Request for comments: std.d.lexer

Fri Feb 8 02:29:20 PST 2013

08-Feb-2013 13:40, Jonathan M Davis пишет:
> On Friday, February 08, 2013 12:12:30 Dmitry Olshansky wrote:
>> 08-Feb-2013 12:01, Jonathan M Davis пишет:
>>> On Tuesday, February 05, 2013 22:51:32 Andrei Alexandrescu wrote:
>>>> I think it would be reasonable for a lexer to require a range of ubyte
>>>> as input, and carry its own decoding. In the first approximation it may
>>>> even require a random-access range of ubyte.
>>>
>>> Another big issue is the fact that in some ways, using a pointer like
>>> dmd's
>>> lexer does is actually superior to using a range. In particular, it's
>>> trivial to determine where in the text a token is, because you can simply
>>> subtract the pointer in the token from the initial pointer. Strings would
>>> be okay too, because you can subtract their ptr properties. But the
>>> closest that you'll get with ranges is to subtract their lengths, and the
>>> only ranges that are likely to define length are random-access ranges.
>>
>> Not true, certain ranges know length but can't be random access as
>> indexing is O(lgN) or worse. Including a stripe of chunks as taken from
>> file.
>
> I said that the only ones which are "likely" to define length are random-access
> range. There _are_ other ranges which can, but in most cases, if you can know
> the length, you can do random access as well.

Well I honestly disagree about the promise of knowing length - being 
able to index. "The most ranges" is arrays and wrappers on top of these.
Given current realities oF D and Phobos I'm afraid you are right though.

  Regardless, the main issue still
> stands in that dealing with keeping track of the index of the code unit of a
> token is more complicated and generally more expensive with ranges than it is
> with a pointer.

If target is random access range just use offset throughout. It's 
basically becomes base + offset vs base + pointer i.e. non-issue

If not then pointer argument no longer applies and you can just as well 
use separate counter on per popFront. It'd not that costly in this case 
and flexibility tramps other concerns with forward ranges in any case.

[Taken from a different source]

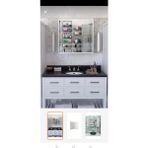 Rafineri Tasarım 2 Kapaklı Aynalı Banyo Dolabı Çok Amaçlı Banyo Dolabı Sunta 60X60X15 - Beyaz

> Some range types will do better than others, but short of
> using a string's ptr property, there's always going to be some additional
> overhead in comparison to pointers to keep track of the indices or to keep a
> range or slice of one as part of a token. The pointer's just more lightweight.
> That doesn't make ranges unacceptable by any means. It just means that they're
> going to take at least a slight performance hit in comparison to pointers.

See above. Pointer to something inside of a buffer == index in buffer, 
typically even with pointer you can't drop the 'buffer' reference itself.

-- 
Dmitry Olshansky